あの高良健吾主演作を韓国で再映画化!SABU監督インタビュー
美しく、そして凛々しい。だが時折、醜く歪み狂気に満ちたもの。“恋愛”は面倒な感情だ。その元凶は千差万別だ。病、地位の違い、互いの距離、不倫、暴力……映画は様々な“面倒ごと”を描いてきた。高良健吾主演の同名日本映画を韓国で最映画化した『アンダー・ユア・ベッド』は、そんな面倒ごとの詰め合わせのような作品になっている。
同級生に名前すら覚えてもらえない根暗な学生時代を過ごした青年ジフン。彼は唯一自分の名前を呼んでくれた女性、イェウンのことを忘れられない。ジフンは数年後、イェウンと偶然再会する。学生時代の想いがフラッシュバックし、強烈な引力に引かれるかのように、彼女の家を突き止めると、監視カメラと盗聴器で24時間監視を始める。すでに結婚していたイェウンだったが、じつは彼女は夫のヒョンオから激烈な暴力を受けていた――。
DV夫にストーカー男、どっちもどっちだと思うが、『アンダー・ユア・ベッド』は双方にそれなりの事情があり、道を踏み外し、それ故の苦悩が描かれている。プロットだけでは「気持ち悪い」話だし、スクリーンに映し出される性描写や暴力は嫌悪感を抱かせる。しかし、本作は妙に美しいのだ。

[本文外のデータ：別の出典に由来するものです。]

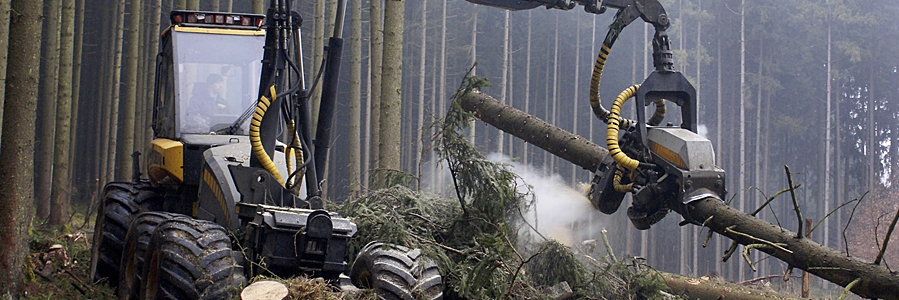 leasing_wald2.jpg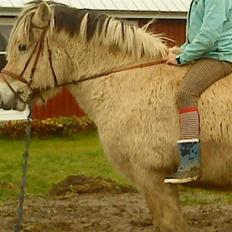 Fjordhest R.i.p alex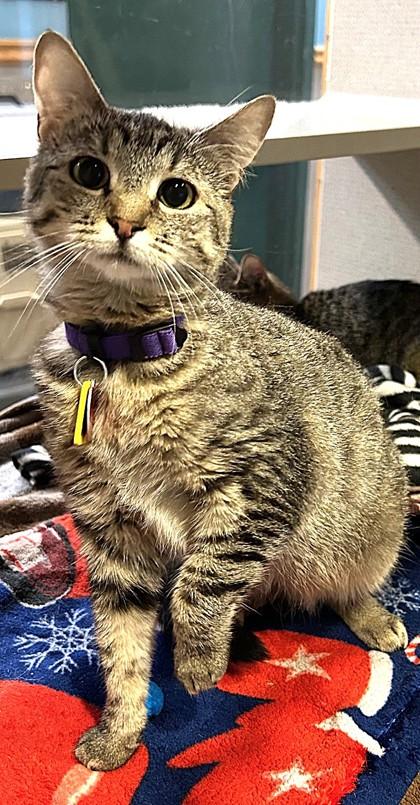 Char- BONDED TO DEMI, Adoptable, Adult Female Domestic Short Hair.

この妙な美しさの元を暴くべく、韓国映画界に乗り込んだSABU監督にお話を伺った。
「性描写は美しく、暴力描写は突き抜けて」
―『アンダー・ユア・ベッド』を韓国映画として映画化した経緯は?
以前『Miss ZOMBIE』(2013年)を国際配給した時に、韓国の配給/制作会社と繋がりができていたんです。ずっとやり取りをしていて、「いつか韓国映画を一緒に撮りたいね」なんて話をしていて。いくつか脚本はもらったんですが、なかなか実現しなくてね。それで今回、「『アンダー・ユア・ベッド』を撮ってもらえませんか?」となって実現したんです。
―直々にオファーがあったんですね
撮った後に聞いた話なんだけど、『アンダー・ユア・ベッド』は激しい性描写やDVシーンがあるでしょう? 韓国の監督に何人か依頼したらしいんだけど、全部断られちゃったみたいで(笑)。そこで僕に依頼が来たというわけです。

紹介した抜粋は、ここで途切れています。